From experimental results in Table 4, we can observe that removing the context selector results in performance degradation. The results of the ablation study on three models show that the Macro-F1 values of the models using the context selector is 3.02% higher than those of the models without context selector on average. This proves that the proposed context selector does help to improve the model’s ability to recognize deceptive and non-deceptive QA pairs in a multi-turn QA.

Table 5. An example that CSN-RoBERTa successfully identified Turn-5 as deception but RoBERTa-BiGRU-CC failed. CSN-RoBERTa chose to mask the QA pairs written in blue in order to predict the label of Turn-5.

5.4 Case Study

Table 5 shows an example that CSN-RoBERTa successfully predicted Turn-5 as deception by masking Turn-2, Turn-8, and Turn-9 while RoBERTa-BiGRU-CC which takes all of the contexts into consideration misclassified Turn-5.

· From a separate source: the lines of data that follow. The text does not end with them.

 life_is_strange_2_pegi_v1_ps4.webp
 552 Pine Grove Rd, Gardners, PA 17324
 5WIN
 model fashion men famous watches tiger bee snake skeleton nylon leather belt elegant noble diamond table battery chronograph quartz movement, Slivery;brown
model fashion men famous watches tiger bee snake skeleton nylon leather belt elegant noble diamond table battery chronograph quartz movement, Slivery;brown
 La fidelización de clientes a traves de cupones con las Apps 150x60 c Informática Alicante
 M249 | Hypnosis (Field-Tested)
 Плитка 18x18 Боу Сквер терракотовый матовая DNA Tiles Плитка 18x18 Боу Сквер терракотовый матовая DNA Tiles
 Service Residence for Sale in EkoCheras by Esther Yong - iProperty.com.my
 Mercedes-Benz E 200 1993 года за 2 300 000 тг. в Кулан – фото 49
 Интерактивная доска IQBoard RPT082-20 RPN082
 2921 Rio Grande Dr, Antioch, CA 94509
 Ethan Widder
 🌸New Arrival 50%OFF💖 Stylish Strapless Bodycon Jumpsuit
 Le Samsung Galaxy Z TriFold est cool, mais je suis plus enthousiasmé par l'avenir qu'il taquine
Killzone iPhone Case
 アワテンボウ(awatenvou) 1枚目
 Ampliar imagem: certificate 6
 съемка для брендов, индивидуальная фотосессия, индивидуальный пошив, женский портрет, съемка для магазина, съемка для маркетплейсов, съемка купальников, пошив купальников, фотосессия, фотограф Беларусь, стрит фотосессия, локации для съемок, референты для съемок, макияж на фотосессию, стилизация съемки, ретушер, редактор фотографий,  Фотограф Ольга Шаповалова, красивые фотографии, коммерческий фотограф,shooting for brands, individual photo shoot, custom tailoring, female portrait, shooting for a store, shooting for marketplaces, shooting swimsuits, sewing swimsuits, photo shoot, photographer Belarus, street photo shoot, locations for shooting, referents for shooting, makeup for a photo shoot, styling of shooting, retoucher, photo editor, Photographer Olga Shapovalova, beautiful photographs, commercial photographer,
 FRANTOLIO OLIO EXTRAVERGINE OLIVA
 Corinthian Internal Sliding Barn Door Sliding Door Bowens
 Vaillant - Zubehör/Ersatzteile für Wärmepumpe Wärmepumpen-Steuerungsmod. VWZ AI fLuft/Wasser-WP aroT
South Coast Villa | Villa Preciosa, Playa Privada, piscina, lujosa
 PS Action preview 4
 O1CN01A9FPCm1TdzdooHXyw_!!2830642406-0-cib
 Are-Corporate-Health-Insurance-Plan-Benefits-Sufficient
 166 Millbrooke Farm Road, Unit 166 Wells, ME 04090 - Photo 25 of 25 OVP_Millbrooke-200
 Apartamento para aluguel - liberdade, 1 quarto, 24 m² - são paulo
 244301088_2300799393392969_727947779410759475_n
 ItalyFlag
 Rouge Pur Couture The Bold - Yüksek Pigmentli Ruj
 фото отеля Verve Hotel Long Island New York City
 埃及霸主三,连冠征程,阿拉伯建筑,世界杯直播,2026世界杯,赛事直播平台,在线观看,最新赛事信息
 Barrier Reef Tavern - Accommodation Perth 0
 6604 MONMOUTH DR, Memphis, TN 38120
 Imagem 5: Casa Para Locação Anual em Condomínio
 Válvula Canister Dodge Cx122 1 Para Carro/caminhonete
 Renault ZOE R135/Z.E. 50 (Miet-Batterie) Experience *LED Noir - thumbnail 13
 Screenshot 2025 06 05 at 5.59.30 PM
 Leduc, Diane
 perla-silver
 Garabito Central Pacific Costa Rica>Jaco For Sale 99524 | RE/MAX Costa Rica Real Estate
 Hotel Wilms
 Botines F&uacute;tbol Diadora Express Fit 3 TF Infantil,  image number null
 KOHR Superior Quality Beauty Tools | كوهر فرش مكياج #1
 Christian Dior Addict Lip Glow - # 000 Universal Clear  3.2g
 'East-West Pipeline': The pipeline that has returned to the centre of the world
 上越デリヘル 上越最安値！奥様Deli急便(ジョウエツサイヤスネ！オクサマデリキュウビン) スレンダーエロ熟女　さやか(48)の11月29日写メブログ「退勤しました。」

According to the example, we can find that the masked contexts can be regarded as noise which is less relevant to Turn-5. Turn-2 talked about the time when the subject liked billiards that is relatively irrelevant to the subject’s experience in the game. Turn-7, Turn-8, and Turn-9 all talked about star players which could not provide effective information for judging whether Turn-5 is deceptive. Due to the inaccuracies of the model, only Turn-2, Turn-8, and Turn-9 are masked. This kind of noisy context can confuse the model and make it unable to classify Turn-5 correctly.

6 Conclusion

In this paper, we propose a novel task: deception detection in a multi-turn QA and a context selector network to model context-sensitive dependence. In addition, we build a high-quality dataset for the experiment. Empirical evaluation on the collected dataset indicates that our approach significantly outperforms several strong baseline approaches, showing that the QA contexts and the context selector do help the model effectively explore deceptive features. In the future, we would like to integrate user information to explore deeper deceptive signals in the multi-turn QA.